Motorola's Superchip
Silicon is cheap; “compound semiconductors” are fast. Combining the two could yield cheaper cell phones and DVD players.
Because the materials are physically mismatched, layering one on top of the other to produce a chip with optimal electronic and optical properties has been virtually impossible. It may have been the sand on that Spanish beach, which is made of the same mineral from which silicon wafers are derived, that provided Ramdani with the pivotal hint. In any case, Ramdani recalls, “I came back to Phoenix, borrowed a machine for growing compound semiconductors, and in two or three shots, we had gallium arsenide sitting on silicon.”
The benefits of having the functionality of gallium arsenide-particularly its abilities to handle wireless communications and emit light-on an inexpensive silicon chip were not lost on Motorola executives. High-performance chips made out of gallium arsenide and other so-called compound semiconductors are widely used in everything from cell phones to switches in optical communications networks. At the very least, Ramdani’s invention could mean replacing these costly chips with far less expensive gallium-arsenide-on-silicon ones. In the two years since Ramdani’s breakthrough, Motorola has filed over 300 patents on the technology; last fall, the company used Ramdani’s method to build prototype chips for boosting signals in cell phones. To commercialize the new material, Motorola has started up a wholly owned subsidiary-Thoughtbeam, in Austin, TX-promising the new materials will find their way into electronic and optical devices within the next two years.

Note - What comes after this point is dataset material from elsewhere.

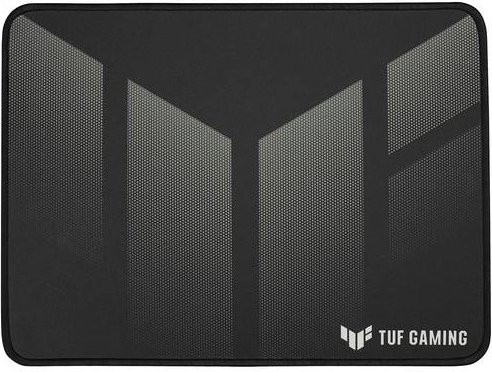 Asus TUF Gaming P1 Gaming-Mauspad wasserfest IPX7 Schwarz Grau - Bild 2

The impact of Motorola’s chip technology could go far beyond cheaper cell phones or optical devices. Today, if you want a fast, inexpensive microprocessor, you need a silicon chip; if you want a chip to handle optical functions or high-frequency radio signals, you need compound semiconductors like gallium arsenide or indium phosphide. As a result, equipment like cell phones and communications network switches requires multiple semiconductor devices. Eventually, predict some experts, the Motorola technology could make it possible to integrate the functions of gallium arsenide and silicon on a single chip, using each of the materials for what it does best. The result would be a superchip. Instead of having multiple chips in a DVD player doing different tasks-generating light to read the disc, fielding input from viewers, decoding digital data into images and sound-a single chip could handle it all.
The semiconductor industry has been dreaming of such a superchip for decades-and a number of researchers are actively pursuing that dream. For instance, Eugene Fitzgerald, a materials scientist at MIT, has been working on the problem for over a decade and has published descriptions of his own technique for growing gallium arsenide on silicon. He and many other skeptics question whether the Motorola technology will prove to be a grand slam. “Every few years, there is a so-called solution, but upon closer examination, you see that it isn’t one at all,” says Fitzgerald.

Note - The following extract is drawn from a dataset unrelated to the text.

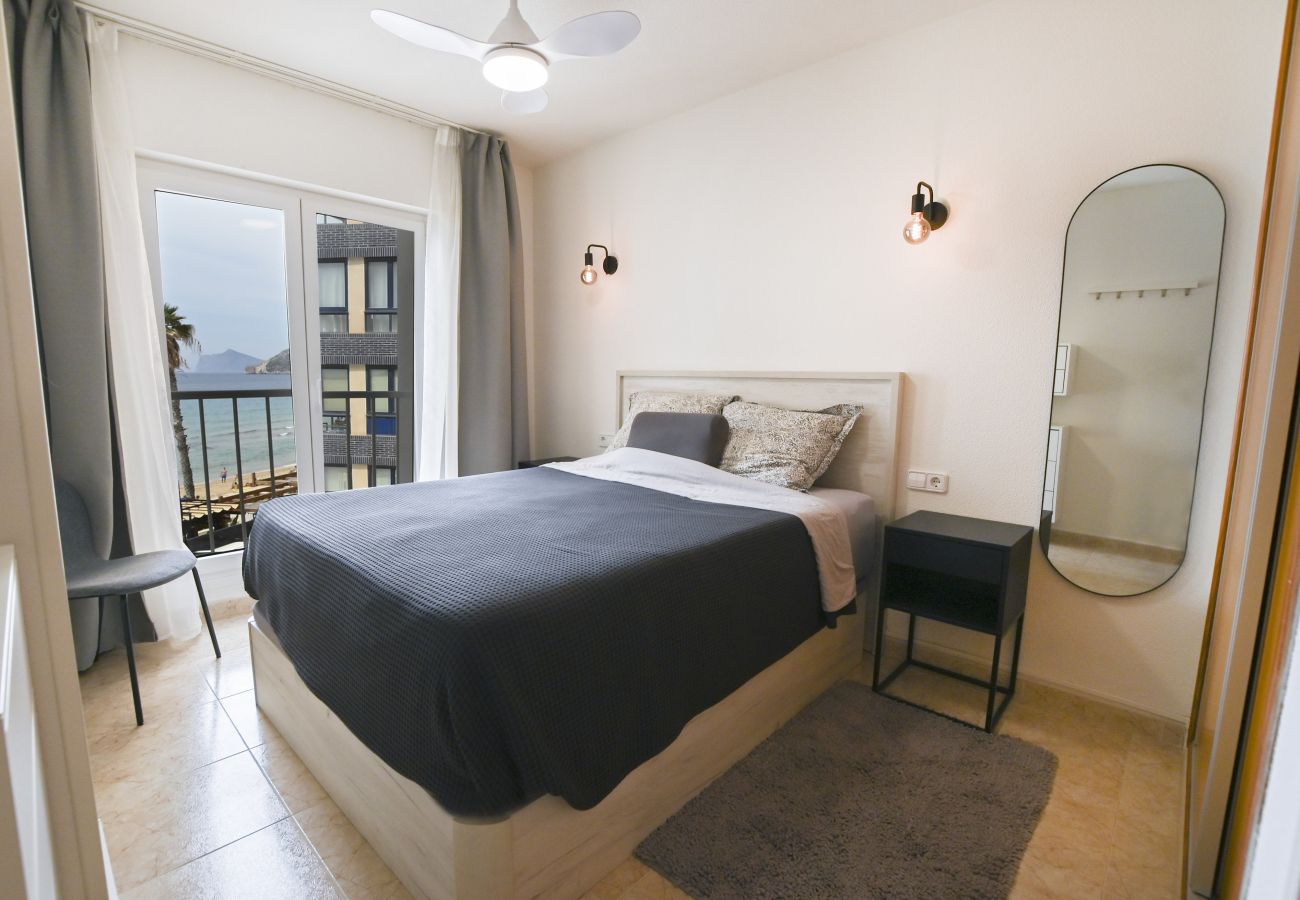 Apartamento en Calpe - A108 EUROPA II 3-5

Others, however, are so impressed with the potential of Ramdani’s breakthrough that they believe the technology could fundamentally change the dynamics of the chip-making business, finally bridging the materials divide between silicon and compound semiconductors that has become a fundamental fact in the industry. According to Steve Cullen, director and principal analyst of semiconductor research services at Cahners In-Stat Group, the Motorola advance could “go down in history as a major turning point for the semiconductor industry.”